4. Materials and Methods

4.1. Materials

Lipidomic standards were from Avanti Polar Lipids (Alabaster, AL, USA). Solvents for extraction and MS analyses were liquid chromatographic grade (Merck, Darmstadt, Germany) and Optima LC-MS grade (Thermo Fisher Scientific, Waltham, MA, USA). All other chemicals were the best available grade purchased from Merck (Darmstadt, Germany).

4.2. Yeast Strains and Culture

S. pombe strains used in this study are listed in Table S5. BRC1 was used to generate tps1Δ and ntp1Δ strains according to [35] and [74]. For yeast culture, a small amount of frozen cells was transferred to a YES plate and incubated at 30 °C for 26–30 h. EMM was prepared as in [75], and supplemented with leucine (1.7 mM) and uracil (2 mM). Optical density (OD) was measured at 600 nm on a Biowave Cell Density Meter (CO8000, WPA, Cambridge, UK). Precultures were prepared by inoculating 6 mL of EMM+LU and allowed to grow in a rotary shaker at 30 °C overnight. Cells were then diluted to OD600 = 0.5 in 15 mL EMM+LU and allowed to grow for 6–7 h at 30 °C (approx. 2 generation times, OD600 = 1.0–1.2). Then, 250–400 μL of the culture was transferred into 100 mL fresh EMM+LU medium and cells were grown at 30 °C (150 rpm; Innova 4230 shaker, New Brunswick Scientific, Edison, NJ, USA). Cells in exponential phase (OD600 = 0.5, 3–5 × 106 cells/mL) were used for all experiments.

4.3. Heat Stress

S. pombe cells were heat-stressed at 40 °C for 180 min or, after 60 min of stress, were left to recover at 30 °C for 60 min. Samples were taken at intervals for trehalose quantitation, mass spectrometry-based lipidomic measurements and thermotolerance tests, as indicated in Figure S1.

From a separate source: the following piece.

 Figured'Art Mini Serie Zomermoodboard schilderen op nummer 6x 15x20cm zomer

4.4. Trehalose and Protein Quantitation

For cell lysate preparation, 108 cells were harvested by filtration, resuspended in 300 μL ice-cold water, and disrupted using a Bullet Blender Gold homogenizer (Next Advance, Inc., Averill Park, NY, USA), in the presence of zirconium oxide beads (0.5 mm), at speed 8 for 3 min at 4 °C. For trehalose quantitation, the lysate was boiled for 5 min, centrifuged at 10,000× g for 5 min, and a 5 μL aliquot was digested in 45 μL 135 mM citrate buffer (pH 5.6) in the presence of 1.15 mU trehalase (Merck, Darmstadt, Germany) at 37 °C overnight. Glucose content was determined by adding 100 μL of Assay Reagent (GO Assay kit, Merck, Darmstadt, Germany) and incubated at 37 °C for 30 min. Reactions were stopped by the addition of 100 μL 12 N sulfuric acid, and the absorbance was determined by Multiskan EX plate reader (Thermo Fisher Scientific, Waltham, MA, USA) at 560 nm. Trehalose and glucose solutions (25–100 μg/mL) were used as standards. Protein level of the lysates was measured using the Micro BCATM Protein Assay Kit (Thermo Fisher Scientific, Waltham, MA, USA) according to the manufacturer’s instructions.

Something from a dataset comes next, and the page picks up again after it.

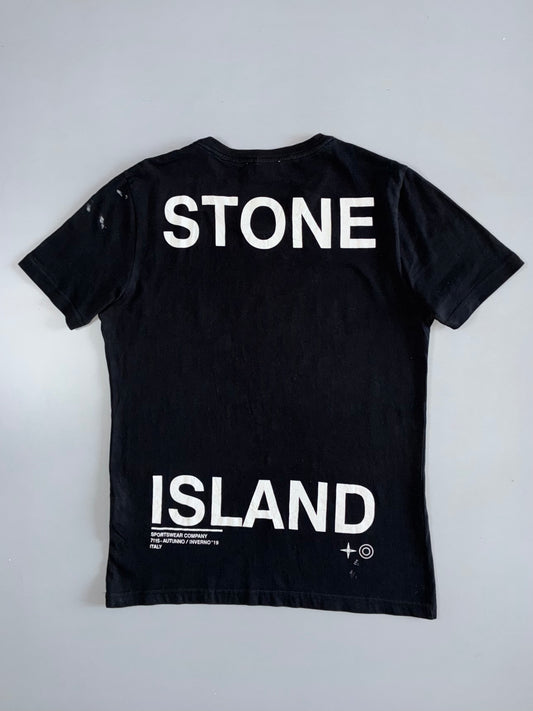Stone Island Black Tee | Compass Logo Print (M)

4.5. Acquisition of Thermotolerance

Cells were subjected to a priming HS at 40 °C for 0–180 min, and then challenged at 50 °C for 10 min (sublethal exposure) or at 52 °C for 20 min (lethal exposure). Samples were then serially diluted (10×) and 10 μL aliquots were spotted onto YES plates and incubated at 30 °C for 4 days. To inhibit translation, cycloheximide was added to the cells 5 min before HS at a concentration of 50 μM.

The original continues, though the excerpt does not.